July 31 (Bloomberg) -- U.K. consumer confidence dropped to a record low in July, slipping below the level reached on the eve of the 1990 recession, as house prices slumped and inflation accelerated, GfK NOP said.

An index of confidence, based on a survey of 2,001 people, fell 5 points to minus 39, the lowest since the data began in 1974, GfK said today in London. The gauge fell to 4 points below the result for March 1990.

Britain's economic outlook has deteriorated in the past month after ``bad news'' on retail sales, Bank of England policy maker David Blanchflower said yesterday. The threat of another recession has helped erode support for Prime Minister Gordon Brown, whose ruling Labour Party had the lowest support since the early 1980s in a Populus Ltd. poll published this week.

``With the growing specter of the U.K. going into recession, people are pessimistic and concerned about their future,'' Donna Culverwell, a researcher at GfK NOP, said in a statement. ``Levels of confidence amongst consumers are not surprisingly low.''

Gauges of the general economic situation and the climate for major purchases dropped to the lowest on record, GfK said.

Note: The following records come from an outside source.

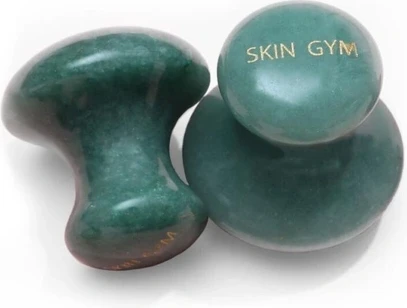 Product Pbi Skin Gym Pair Of Flowies For Face Jade Stone
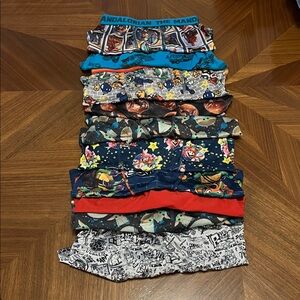 Boys Cartoon Print Size 6 10 Pairs Underware Bottoms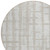 8' Taupe And Beige Round Striped Washable Indoor Outdoor Area Rug - Taupe, Beige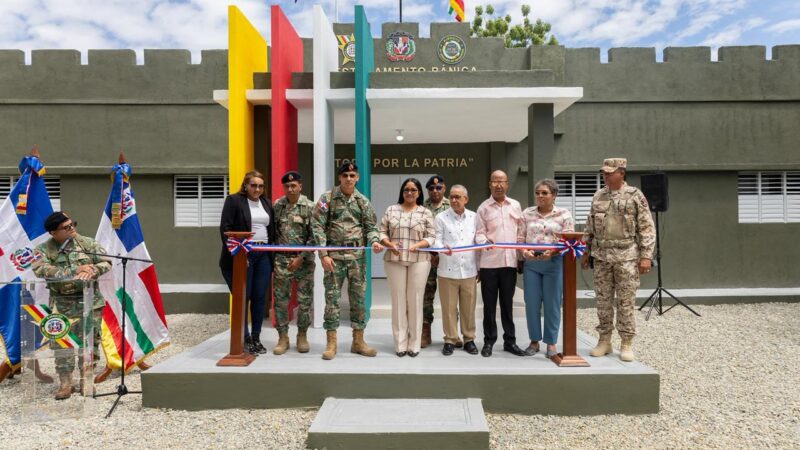 Ejército remodela destacamento en Bánica para fortalecer la seguridad fronteriza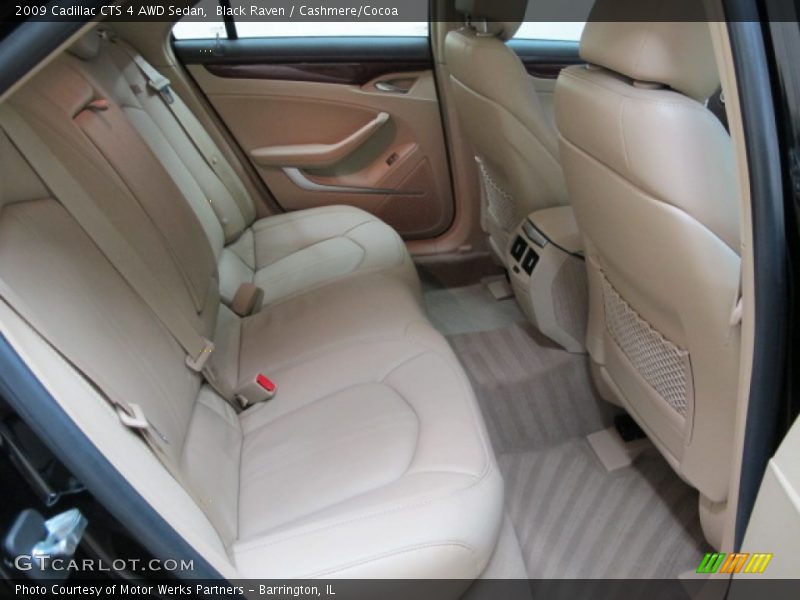 Black Raven / Cashmere/Cocoa 2009 Cadillac CTS 4 AWD Sedan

The gauge of consumers' personal financial situation over the next 12 months fell nine points to minus 18, the lowest in 14 years.

The Confederation of British Industry's retail sales index dropped to the lowest in 25 years in July, house prices fell from a year earlier by the most in at least seven years, and banks granted the fewest mortgages since at least 1999 last month, reports showed this week.

`Bad News'

``There's been fairly bad news on retail sales and on a number of things,'' since the central bank's decision on July 10, Blanchflower said in an interview on the BBC's Radio Ulster station yesterday.

The Bank of England predicts that economic growth will be the weakest since the early 1990s and that inflation will accelerate to double its 2 percent target, while Governor Mervyn King said in May that the economy may experience ``the odd quarter or two of negative growth.'' Inflation accelerated to 3.8 percent in June.

Labor unions have struggled to win bigger pay raises to compensate for faster inflation. The median wage increase in wage negotiations was 3.5 percent in the three months through June, matching the result for the period through May, Incomes Data Services said in a separate report today.

The central bank has kept the benchmark interest rate unchanged at 5 percent for the past three months as policy makers struggle to curb inflation while trying to steer the economy away from a recession. The Monetary Policy Committee will next decide on rates on Aug. 7.